Colorful Quantum Mechanics (Standard Model Part 5)

@Dreeev Thank you, that means a lot to me! I have considered Patreon, and I am not opposed to it, I just am unsure what all else I can offer for e.g. different Patron tiers and things like that and I wouldn't feel great about taking people's money and only giving them what they could have for free. Also, as you are probably aware, I'm not the most consistent with my upload schedule, and I don't really want it to turn into an obligation to crank out videos so my Patrons are getting their value, etc. I've tried to limit myself to a schedule in the past and I felt like the content I produced really took a hit. So I am kind of torn on the idea, but like I said, I am not opposed, it just will take some extra thought before I go through with it!
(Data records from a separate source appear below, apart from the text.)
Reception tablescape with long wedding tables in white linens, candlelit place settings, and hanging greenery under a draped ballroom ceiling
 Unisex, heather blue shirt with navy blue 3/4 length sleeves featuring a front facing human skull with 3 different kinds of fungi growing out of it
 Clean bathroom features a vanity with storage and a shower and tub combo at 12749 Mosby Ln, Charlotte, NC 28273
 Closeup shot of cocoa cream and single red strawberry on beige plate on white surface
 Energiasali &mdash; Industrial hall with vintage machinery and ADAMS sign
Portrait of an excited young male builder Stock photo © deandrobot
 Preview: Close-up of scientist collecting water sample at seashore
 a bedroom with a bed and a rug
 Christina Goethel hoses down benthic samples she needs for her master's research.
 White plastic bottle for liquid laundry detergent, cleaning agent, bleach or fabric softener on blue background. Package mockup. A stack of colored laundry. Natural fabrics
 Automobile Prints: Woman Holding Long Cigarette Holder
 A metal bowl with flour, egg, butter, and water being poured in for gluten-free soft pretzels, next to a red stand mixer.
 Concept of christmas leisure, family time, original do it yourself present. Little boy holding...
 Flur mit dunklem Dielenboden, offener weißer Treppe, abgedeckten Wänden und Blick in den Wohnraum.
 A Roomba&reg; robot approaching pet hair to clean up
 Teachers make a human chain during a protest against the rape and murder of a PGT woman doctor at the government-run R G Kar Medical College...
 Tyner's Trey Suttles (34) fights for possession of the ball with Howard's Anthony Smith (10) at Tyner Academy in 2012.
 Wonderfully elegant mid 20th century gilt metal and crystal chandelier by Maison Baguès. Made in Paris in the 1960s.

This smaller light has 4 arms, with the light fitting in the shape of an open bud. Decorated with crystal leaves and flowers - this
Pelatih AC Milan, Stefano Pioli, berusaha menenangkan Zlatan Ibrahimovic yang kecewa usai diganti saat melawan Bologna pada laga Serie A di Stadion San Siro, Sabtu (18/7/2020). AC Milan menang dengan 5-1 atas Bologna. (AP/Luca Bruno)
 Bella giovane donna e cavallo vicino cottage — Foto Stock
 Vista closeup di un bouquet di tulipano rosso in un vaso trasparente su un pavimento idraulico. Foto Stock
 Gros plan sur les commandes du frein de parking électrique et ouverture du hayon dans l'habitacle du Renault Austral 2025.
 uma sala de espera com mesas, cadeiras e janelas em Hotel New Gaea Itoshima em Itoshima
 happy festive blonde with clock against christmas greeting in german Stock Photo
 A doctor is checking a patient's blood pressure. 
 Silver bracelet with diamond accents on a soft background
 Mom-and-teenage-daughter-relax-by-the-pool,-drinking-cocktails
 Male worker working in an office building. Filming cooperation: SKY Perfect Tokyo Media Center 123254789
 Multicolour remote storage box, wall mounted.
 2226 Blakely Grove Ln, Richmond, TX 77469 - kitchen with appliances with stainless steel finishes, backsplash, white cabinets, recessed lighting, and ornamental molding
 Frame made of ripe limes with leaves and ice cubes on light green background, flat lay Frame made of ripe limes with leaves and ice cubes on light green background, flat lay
@@zapphysics I personally wouldn't expect any reward tiers or regular uploads, it would just be a way to support these videos more directly. I think most people would be quite understanding, especially towards an educational channel. However, I understand how it could create some perceived pressure on your end anyway.
Either way, thanks for the videos!

@Andrew Ferris This is a phenomenal question. The idea that these particles are spitting out gauge bosons is _strongly_ rooted in perturbation theory, which of course is just an approximation as to what is really going on. Now, I can't really paint a picture of what is actually happening because, theories like the standard model can't be solved exactly, so there isn't really a good picture to paint. However, if we remember that these are all quantum _field theories_ we might be able to get some sort of intuition about what's going on by looking at the more familiar classical field theories.
So, say I have two fields, A and B, and I allow them to "talk" to each other at each point, just meaning that stuff that is happening in A makes stuff happen in B and vice versa. This is all that we mean when we say that two things are "coupled:" effects in one influence effects in the other. So, if I poke field A to make some small perturbation, this will also have effects in B. But since these are fields, the effects travel through the fields to other points as well (think of just hitting a sheet of fabric: the effects don't "stay" at the place where you hit it). So, when I perturb A, that creates effects in B and those effects travel through B as well as A. But remember that B also induces effects back in A. So, if I am sitting at some different point and looking at A, I will see extra effects other than the ones from the initial "poke" in A, these extra effects, of course, coming from the field B. This is all that is really happening when we have particle interactions: the "poke" in a perturbative QFT is just a particle. So if two quantum fields are coupled, then it shouldn't be too surprising that there can be long-distance effects from this coupling! In principle, that is all this sort of interaction really is.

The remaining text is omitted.